"Il se dépouilla, prenant la condition du serviteur." Ph. 2,7

La croix glorieuse

La lettre aux Philippiens a été écrite autour de l’an 60, c’est-à-dire 30 ans après la mort et la résurrection de Jésus. Mais le passage que l’Église nous propose pour cette fête de la "Croix glorieuse" est une prière ou un chant liturgique (Ph. 2,6-11) que Saint Paul semble avoir emprunté à la liturgie du Baptême ou de l’Eucharistie.
Ce texte d’une poésie et d’une profondeur étonnantes représente donc la foi et la prière des tout premiers temps de l’Église.

"Le Christ Jésus, lui qui était de condition divine," une condition qui lui donnait le "droit d’être traité à l’égal de Dieu," n’a pas voulu "revendiquer son droit".
Il n’est pas venu parmi nous pour s’approprier quoi que ce soit, mais pour donner, et pour cela, "il se dépouilla de tout, prenant la condition de serviteur."
La première étape de ce dépouillement total a consisté à "devenir semblable aux hommes" … et, s’étant ainsi mis à notre portée, il est allé plus loin encore : "il s’est abaissé, devenant obéissant jusqu’à la mort, et à la mort sur une croix."
S’étant fait homme, le Fils de Dieu avait le pouvoir de donner sa vie… et cet homme qui avait tout donné "Dieu l’a élevé au-dessus de tout", il l’a élevé au dessus de toute créature.
Lui qui était Dieu éternellement, bien qu’il soit devenu l’un d’entre nous, retrouve la place qui était la sienne : "Dieu lui a conféré le Nom qui surpasse tous les noms." On sait que le "nom", dans le langage de la Bible, désigne souvent la "personne".
"afin qu’au Nom de Jésus, aux cieux, sur terre et dans l’abîme, tout être vivant tombe à genoux, et que toute langue proclame : Jésus Christ est le Seigneur, pour la gloire de Dieu le Père."
Paul cite le livre d’Isaïe, où Dieu parle en ces termes : "Devant moi tout genou fléchira et toute langue rendra gloire à Dieu …" (Is. 45, 23)
Paul sait bien que ce texte se rapporte à Yahvé, et il le cite en ce sens dans une autre de ses lettres (Rm 14,11).
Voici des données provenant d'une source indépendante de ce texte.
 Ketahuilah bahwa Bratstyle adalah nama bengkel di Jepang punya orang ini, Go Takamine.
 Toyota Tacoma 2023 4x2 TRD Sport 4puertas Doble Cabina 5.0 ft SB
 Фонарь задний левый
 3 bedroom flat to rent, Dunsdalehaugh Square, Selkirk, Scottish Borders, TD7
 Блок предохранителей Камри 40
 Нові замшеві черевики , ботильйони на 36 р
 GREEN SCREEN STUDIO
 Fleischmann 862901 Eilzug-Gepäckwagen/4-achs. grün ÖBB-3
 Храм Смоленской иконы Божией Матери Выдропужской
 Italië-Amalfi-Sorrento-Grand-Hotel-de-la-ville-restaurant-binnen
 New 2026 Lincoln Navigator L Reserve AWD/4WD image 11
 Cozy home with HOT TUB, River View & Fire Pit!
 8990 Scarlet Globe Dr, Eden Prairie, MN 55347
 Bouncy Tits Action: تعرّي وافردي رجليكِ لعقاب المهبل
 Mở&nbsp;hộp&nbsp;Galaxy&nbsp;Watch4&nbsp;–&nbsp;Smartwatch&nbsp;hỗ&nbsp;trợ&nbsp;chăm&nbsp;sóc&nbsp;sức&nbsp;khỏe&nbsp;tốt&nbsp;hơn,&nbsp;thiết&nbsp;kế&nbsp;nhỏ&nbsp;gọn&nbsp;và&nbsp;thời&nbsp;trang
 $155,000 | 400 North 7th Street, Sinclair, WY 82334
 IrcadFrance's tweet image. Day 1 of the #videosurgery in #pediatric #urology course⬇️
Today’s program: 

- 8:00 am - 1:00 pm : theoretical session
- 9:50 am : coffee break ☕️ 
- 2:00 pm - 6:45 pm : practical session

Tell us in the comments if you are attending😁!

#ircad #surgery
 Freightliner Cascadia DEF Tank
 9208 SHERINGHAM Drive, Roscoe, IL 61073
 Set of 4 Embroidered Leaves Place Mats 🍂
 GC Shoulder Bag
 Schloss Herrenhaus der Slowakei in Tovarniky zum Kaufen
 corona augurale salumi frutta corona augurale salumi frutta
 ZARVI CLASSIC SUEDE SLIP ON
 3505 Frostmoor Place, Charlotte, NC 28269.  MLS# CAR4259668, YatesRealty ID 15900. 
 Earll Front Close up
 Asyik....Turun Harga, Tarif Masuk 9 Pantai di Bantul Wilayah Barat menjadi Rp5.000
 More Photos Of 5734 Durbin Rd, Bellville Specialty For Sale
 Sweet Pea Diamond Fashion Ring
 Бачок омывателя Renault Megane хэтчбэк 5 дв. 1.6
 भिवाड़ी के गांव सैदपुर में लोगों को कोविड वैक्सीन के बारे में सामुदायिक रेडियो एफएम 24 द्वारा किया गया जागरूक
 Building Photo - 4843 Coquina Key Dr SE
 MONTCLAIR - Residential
Il est donc bien conscient, dans ce passage de la lettre aux Philippiens, d’adresser à Jésus une profession de foi normalement réservée à Dieu !
Paul croit en Jésus comme on croit en Dieu : il est vraiment le Sauveur, et la foi en lui a le pouvoir de sauver les hommes : "Si dans ta bouche tu confesses que Jésus est Seigneur… tu seras sauvé." (Rm 10,9)

L’Évangile de Saint Jean, dans un langage différent, donne la même révélation : "Ainsi faut-il que le Fils de l’homme soit élevé (sur la croix) afin que tout homme qui croit obtienne par lui la vie éternelle." (Jn 3,14)
En étant élevé sur la croix, ce qui est, en fait, le suprême abaissement du Fils de Dieu, il donne aux croyants la vie éternelle.
"Dieu, en effet, a tant aimé le monde qu’il a donné son Fils unique, pour que tout homme qui croit en lui ne périsse pas mais reçoive la vie éternelle." (Jn 3,16)
C’est par amour que le Père nous a donné son Fils, et c’est par amour que le Fils a fait l’offrande de sa vie : par ce geste, il nous donne le salut, et, en même temps, il nous supplie de nous laisser réconcilier et d’accueillir la vie éternelle pour laquelle Dieu nous a faits.